As part of this change, we also discussed the possibility of adding a jiraph.graph/Layer protocol for all of the functional write methods. This would give us a more functional place to wrap layers, instead of wrapping the mutable jiraph.layer/Layer. This wouldn't make any of the existing wrappers more difficult, and it would make functional ruminate way easier. As a consequence of this change, the bulk of the functionality in jiraph.graph would move from the mutable functions to the functional functions.

amalloy commented 12 years ago

I think the only thing jiraph.graph/Layer needs to have is update-in-node, right? Since dissoc and assoc and all them go through update-in-node! at the moment. And it doesn't have to return a function the way layer/update-fn does: since it's not supposed to do anything mutably, it can just return an IOValue immediately.

ninjudd commented 12 years ago

I think we need wrappers for all the readers too.

amalloy commented 12 years ago

I think actually we don't need a new protocol at all, we just need to make jiraph.layer/Layer functional.
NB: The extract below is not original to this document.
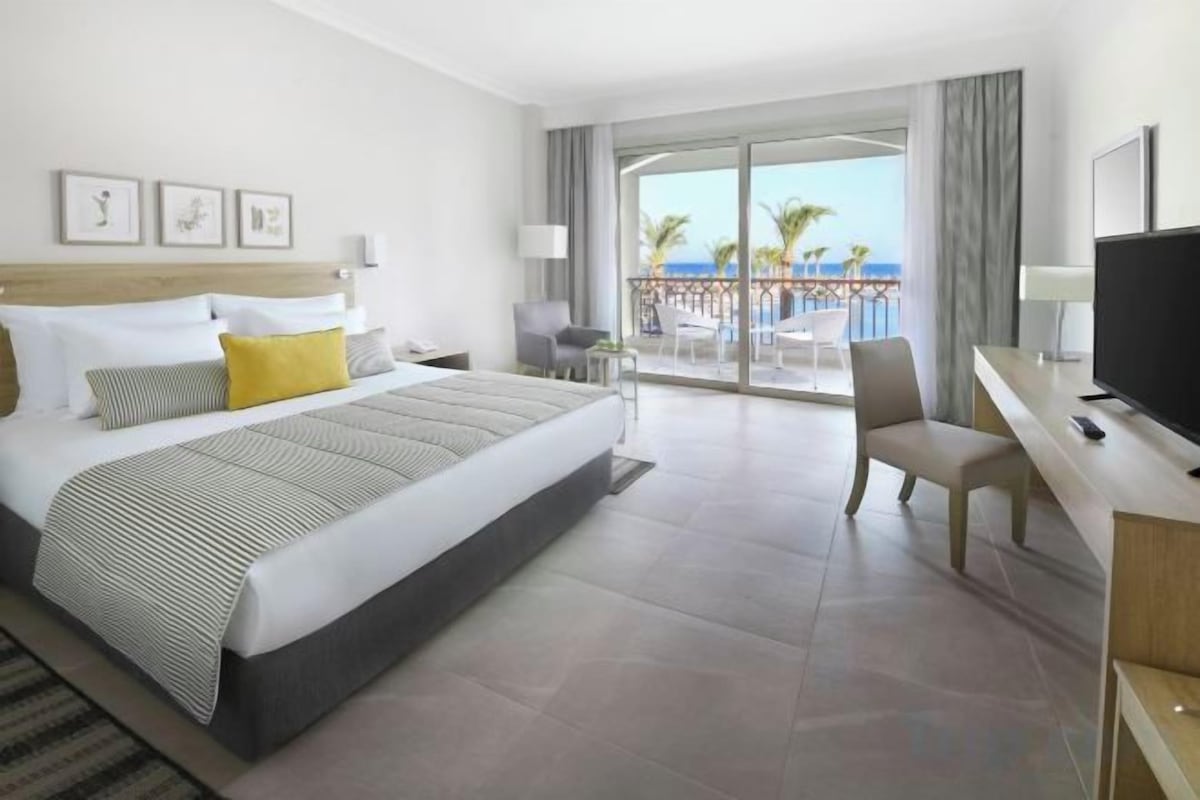 Superior, Queen Or Twin Bed, Pool & Sea View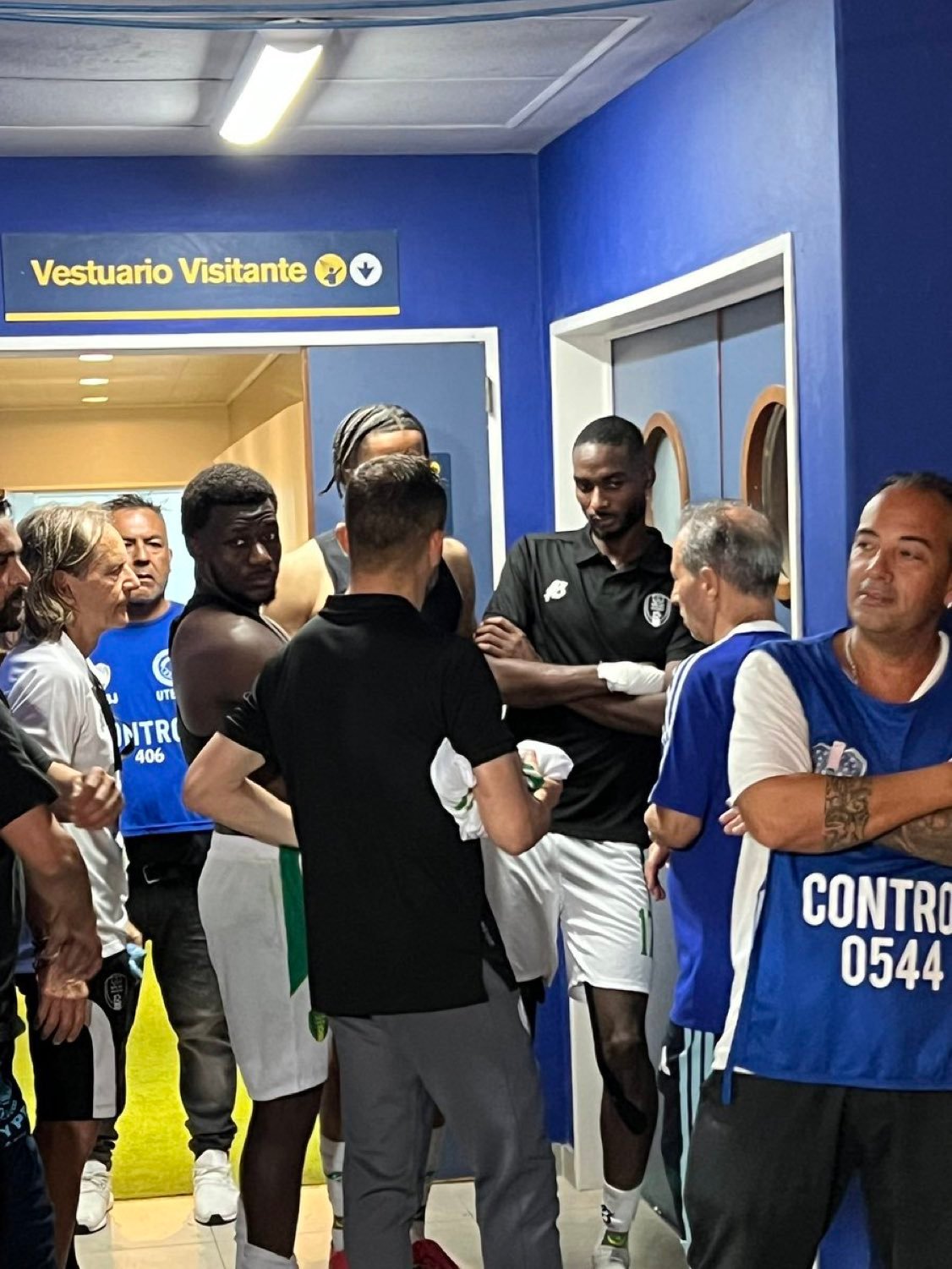 阿根廷的更衣室外，毛里塔尼亚的球员们排队索要梅西的球衣！阿根廷2比1毛里塔尼亚梅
Of course the layers need some way to mutably do changes, since the datastore is mutable, but those don't have to be exposed in any kind of protocol. For example, it could look something like this:

(defn- do-assoc! [layer id value]
  (...mutable stuff..))

(defrecord MasaiLayer [...]
  Layer
  (assoc-node [this id value]
    (retro/with-actions {:old (get-node this "id" nil) :new value}
      {this [#(do-assoc! % id value)]})))

Then the client only ever uses this immutable assoc-node function, and applies the changes with retro/unsafe-txn if they want it done immediately, or retro/txn if they're building up a bunch of stuff to do. I think this all works out at a technical level, but I see a few downsides:

Knowledge of IOValues is scattered across the code, including in new layer implementations, rather than living only in retro and jiraph.graph
It's awkward to do anything mutably, because you must know about transactions to get anything done at all; you can't just (do-this! layer-1 (do-that! layer-2 ...)).
I'm not yet sure how to migrate the extensive logic in jiraph.graph/update-in-node! to this new model

amalloy commented 12 years ago

Further example: masai-sorted/specialized-writer[adjoin] could look like:

(defmethod specialized-writer adjoin [layer layout keyseq _]
  (when (every? (fn [[path format]] ;; TODO support any reduce-fn
                  (= adjoin (:reduce-fn format)))
                layout)
    (let [db (:db layer)
          [id & keys] keyseq
          writer (partial db/append! db)]
      (fn [arg]
        (retro/with-actions {:old nil, :new arg}
          {this [#(write-paths! % writer layout id
                                (assoc-in {} keyseq arg)
                                false :codec)]})))))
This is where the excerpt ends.